Le bruit, écoutons-le : à l'aune physique de ce qu'il filme, le son se développe sur une dimension colossale. Dévorant la bande-son de De Wind, le souffle des éoliennes ; envahissant l'espace de Downloading norias, le grincement des roues centenaires. Par quelle indulgence devrions-nous moins l'entendre et nous voir épargnés par le décibel tellurique ? Bourdonnements, grondements, crissements, houles, la nature a une parole formidable que fait entendre la bande-son à laquelle certains autres sons-source n'opposent qu'un filet de voix, ici ironiquement incarné par l'increvable Bowie de Space Oddity, capté dans sa position la plus satellitaire :« here am I sitting in a tin can, far from the earth »). Quant au son qui accompagne le défilé horizontal des stratus de SF, comment ne pas y lire la transcription nébuleuse d'une immense bande passante dans le ciel ?
Cette expérience sonore est une des plus surprenantes invitations de Julien Loustau. Son corollaire étant celui-ci : comment s'empêcher de voir dans ses films la recherche opiniâtre de machines à filmer géantes ? Frappante avec les éoliennes de De Wind, cette similitude est démultipliée par les roues de Downloading norias.

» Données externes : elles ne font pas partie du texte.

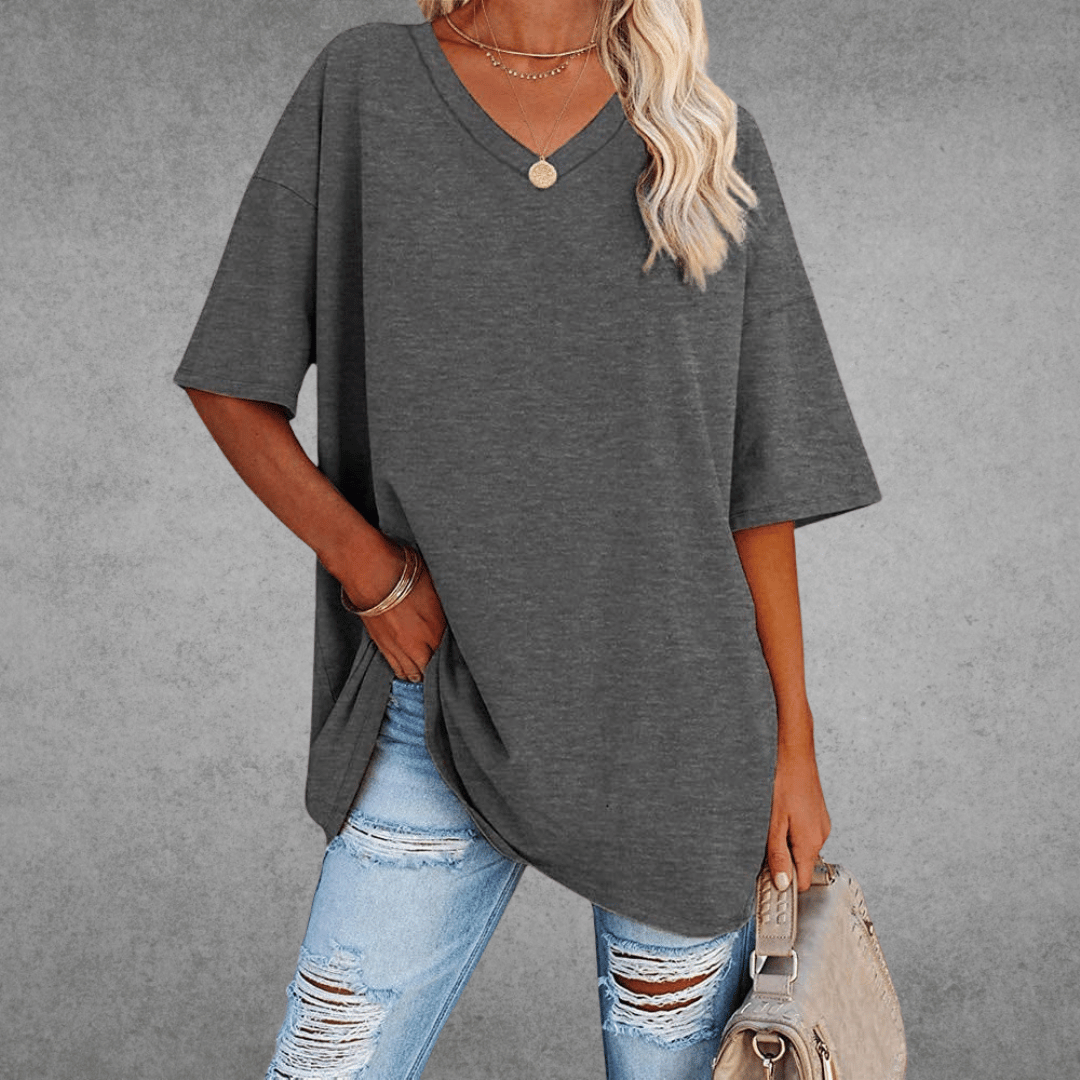 Damen-Shirt mit 3/4-Arm und Rundhalsausschnitt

Comme si ces fortes images ne suffisaient pas, les films portent la trace -finalement humble - du contrepoint humain : brefs dessins de Stephane Urth dans SF, titres d'une bibliothèque ou d'une filmothèque imaginaire qui jalonnent De Wind comme autant de développements ou d'égarements possibles. Voilà les petites barques fictionnelles que le cinéaste accroche à ces formidables puissances qu'il ne tutoie pas en démiurge, mais suit en électron libre. On lui souhaite d'atteindre dans les meilleures conditions possibles ce touch home soon gravé sur l'écran, formule akermanienne s'il en est.
Quelque sept films en six ans c'est un travail dense et aussi un travail jeune (comme on le dit des montagnes, qui ne le sont pas tant que ça). Pourtant on sent les lignes de force qui emmènent le cinéaste à une position de géomètre sensuel, s'attelant, ici et ailleurs, à la capture de l'éternité en temps réel. On imagine Julien Loustau dans une forme têtue d'embrassement de la matière, là où elle s'active presque à notre insu et transforme le paysage en fiction ultime.
Et on est tenté d'évoquer pour lui une cartographie future, bien plus qu'une filmographie.